First, while there are all sorts of stovetop recipes, they don't match baked M & C. Second, no baked M & C is worth its cholesterol unless it has a breaded crust. Third, no crust can be considered world-class crust unless it's baked longer than the recipe says.

And none of it'll be worth a tiddly-doo if you don't slather the casserole dish with butter before you pour in the fixings.

But what I found most interesting wasn't what I learned about M & C so much as about the people who make it.

For one thing, while M & C seems to be the most democratic and down-to-earth of dishes, many of its aficionados are shameless purists.

For example, my pal Bob Griffin said he'd read my column and had a dynamite recipe himself.

"Oh?" I asked. "Is it your own?"

"Of course," he said. Then, in a confessional addendum, he said, "Well it's my wife's, so that's pretty much my own."

"Yeah?" I said. "So what kind of cheeses do you use?"

"Cheeses?" he all but spit out. "Cheeses?"

"What?" I asked, confused. "You don't use different cheeses?"

"For mac and cheese," he sniffed, "there's only one cheese - cheddar. Otherwise, it's not mac and cheese. Oh, it might taste pretty good, whatever it is - but it's not mac and cheese."

Another example: I was in Nori's, chatting with Nadia Korths about - what else? - M & C, when a joyless, pinch-faced woman who was eavesdropping cut in.

"Did I hear you say you're thinking of putting stewed tomatoes in macaroni and cheese?" she asked.

"Yeah," I said. "My friend Stacie said she has a great recipe using stewed tomatoes."

"But do you realize that stewed tomatoes contain high-fructose corn syrup?"

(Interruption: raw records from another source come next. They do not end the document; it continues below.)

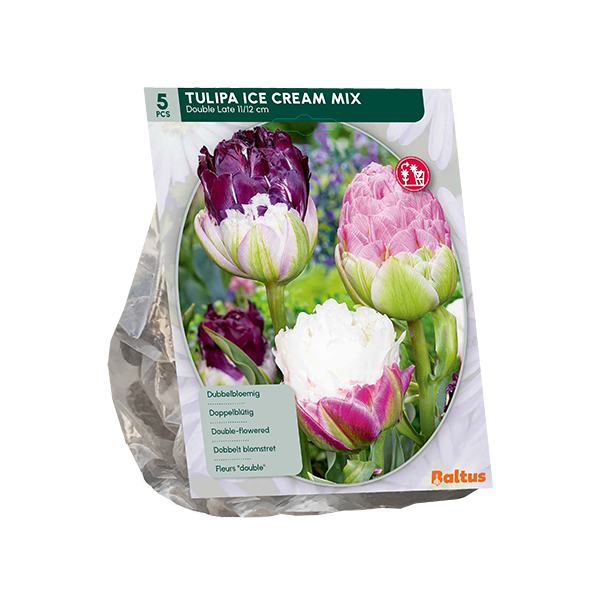 Tulpių svogūnėliai, lot. TULIPA ICE CREAM MIX, 5 vnt-0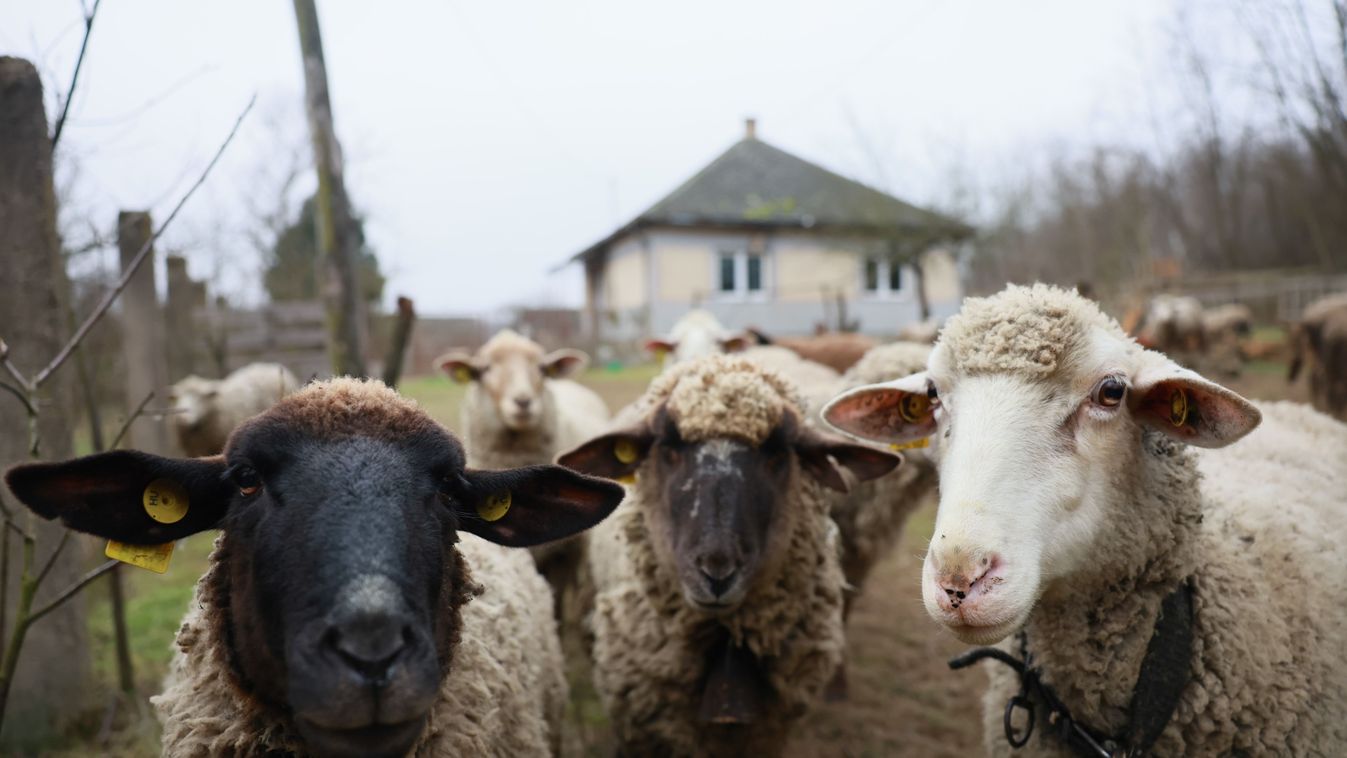 Fordul-e a&nbsp;helyzet?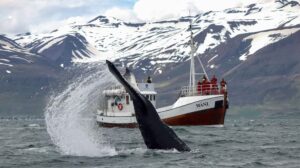 Classic Whale Watching in Dalvík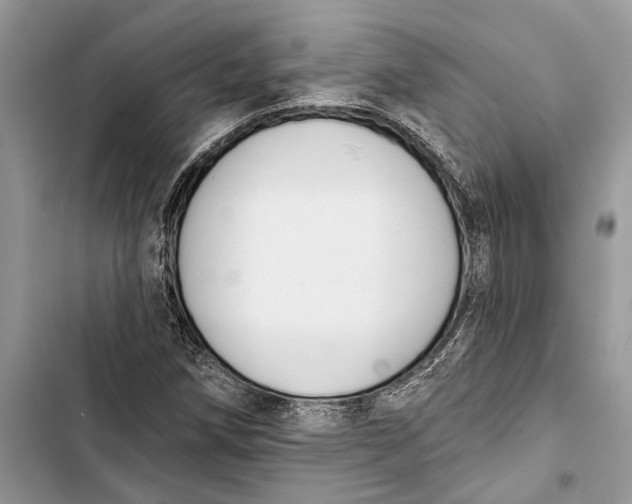 X0000103441258200810031405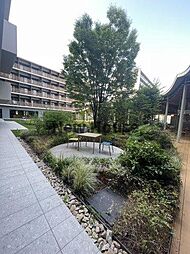 庭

I didn't, and I told her so. She then launched into a 10-minute tirade about high-fructose corn syrup causing everything from bipolar disorder to bleeding piles.

"Yeah, well, OK," I told her. "You've sure convinced me. Heh, heh. Gonna get rid of all my cans of stewed tomatoes this afternoon - right after I go to the dentist and have all my mercury fillings removed."

The secrets

And finally, there are the most mysterious and exotic of Mac-and-Cheesedomhood - those guarded, tight-lipped types whose recipes couldn't be waterboarded out of them. If their leader isn't my putative colleague, the Sterling Ann Sterling, it sure should be.

SAS is a chef, a gourmet and a connoisseur, so I figured she'd have a boffo recipe, which she did. And since we work together, I figured she'd give it to me, which she didn't.

"So, Ann," I said, sidling up to her all buddy-buddy at the copying machine, "you must know a great mac and cheese recipe, eh?"

She nodded, but said nothing, a wary look crossing her features as she took a step back.

"So what is it?" I asked.

She shrugged and smiled - but not warmly.

"You use cheddar?" I prodded.

"Ye-e-s," she said, "Among other cheeses."

"Like which ones?"

"Oh, just this and that."

"You use elbows?"

"Um no," she said.



"So what pasta do you use?"

"I'll tell you some other time," she said. "I've got to get back to my office got to water my cactus."

And with that, she glided from the room with nary a backward glance.

So is it impossible to find out the Secretive Ms. S's recipe?

A week ago, I would've said yes.

But now, after Tuesday's election, I'm not so sure.